**Recorded data:**
↓↓↓
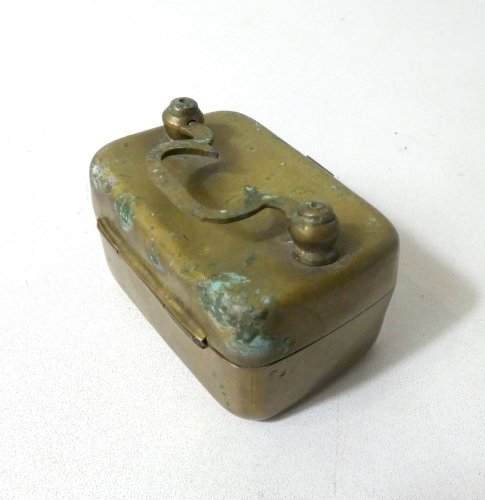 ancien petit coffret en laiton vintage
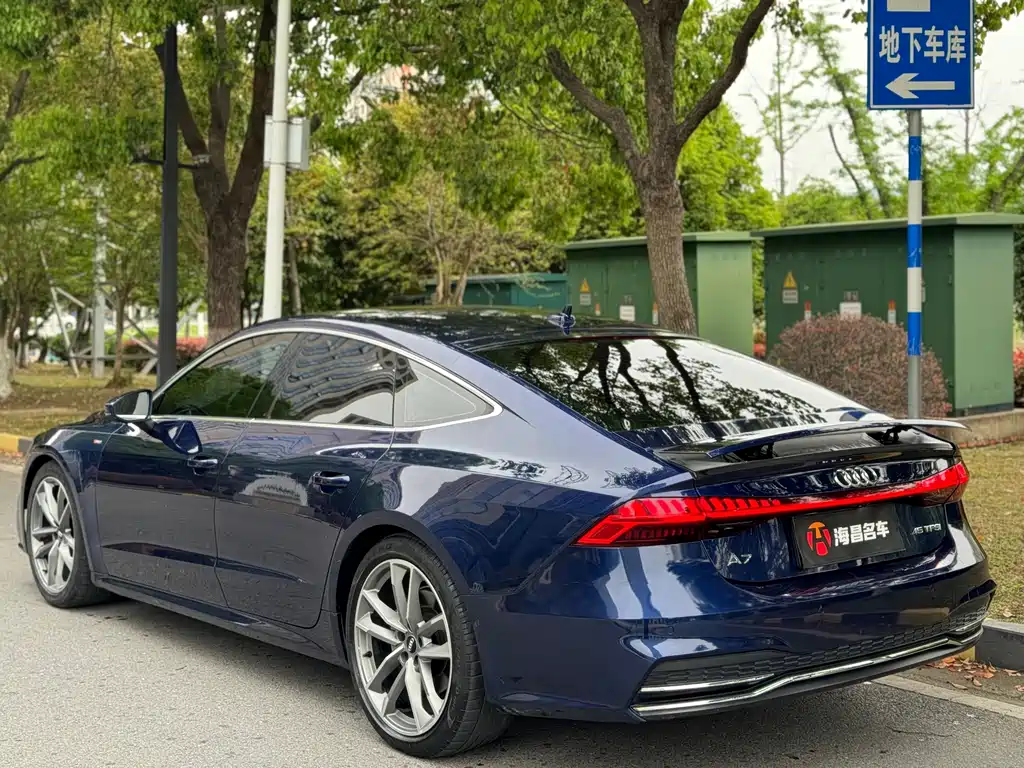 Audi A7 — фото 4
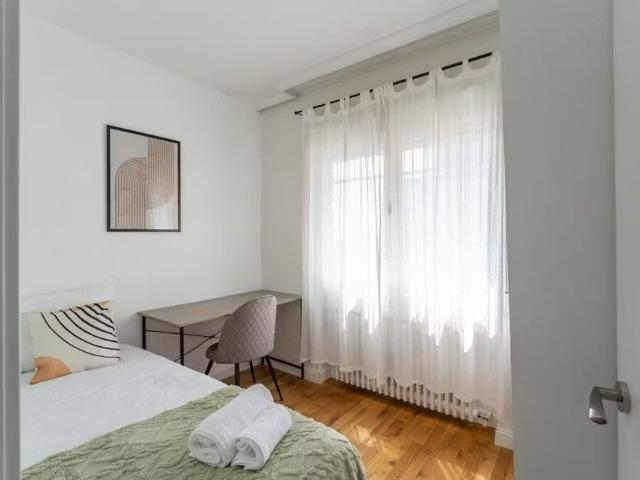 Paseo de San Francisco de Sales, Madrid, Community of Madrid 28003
↑↑↑
**Task to carry out:** Produce the material above again in full, with identical lines and no pictures.

**Result of this task:**
 ancien petit coffret en laiton vintage
 Audi A7 — фото 4
 Paseo de San Francisco de Sales, Madrid, Community of Madrid 28003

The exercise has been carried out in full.